Präsident Manuel Zelaya selbst hat einen weiteren Rückkehrversuch angekündigt. Welche Auswirkungen hätte das?

Ohne eine massive Konfrontation wird das nicht vonstatten gehen. Ich halte eine Spaltung des Militärs für unwahrscheinlich. Die Widerstandsbewegung, die sich bisher als außergewöhnlich pazifistisch gezeigt hat, wünscht sich die Rückkehr Zelayas. Aber was soll sie gegen die Militärs ausrichten?

Costa Ricas Präsident Oscar Arias hat von der Gefahr eines Bürgerkrieges gesprochen.

Zwar ist die Widerstandsbewegung noch friedfertig, das kann sich aber nach einem Massaker oder einer Festnahme des Präsidenten durch das Militär ändern. Waffen sind genug im Land.

Welchen Ausweg gäbe es aus der honduranischen Staatskrise?

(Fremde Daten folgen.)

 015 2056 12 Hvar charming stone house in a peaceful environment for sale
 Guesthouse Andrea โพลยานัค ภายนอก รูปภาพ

Der beste Ausweg würde über einen Dialog führen. Aber die Vermittlungsversuche von Präsident Arias sind bislang ohne Ergebnisse geblieben. Solange die Putschisten ihre grundsätzliche Haltung bezüglich einer Rückkehr Zelayas nicht ändern, gibt es wohl kaum eine gewaltlose Lösung. Allerdings kann die internationale Gemeinschaft ihren Druck auf Roberto Micheletti erhöhen. Sobald etwa die Unternehmer von Micheletti Abstand nehmen, fällt das Regime wie ein Kartenhaus in sich zusammen.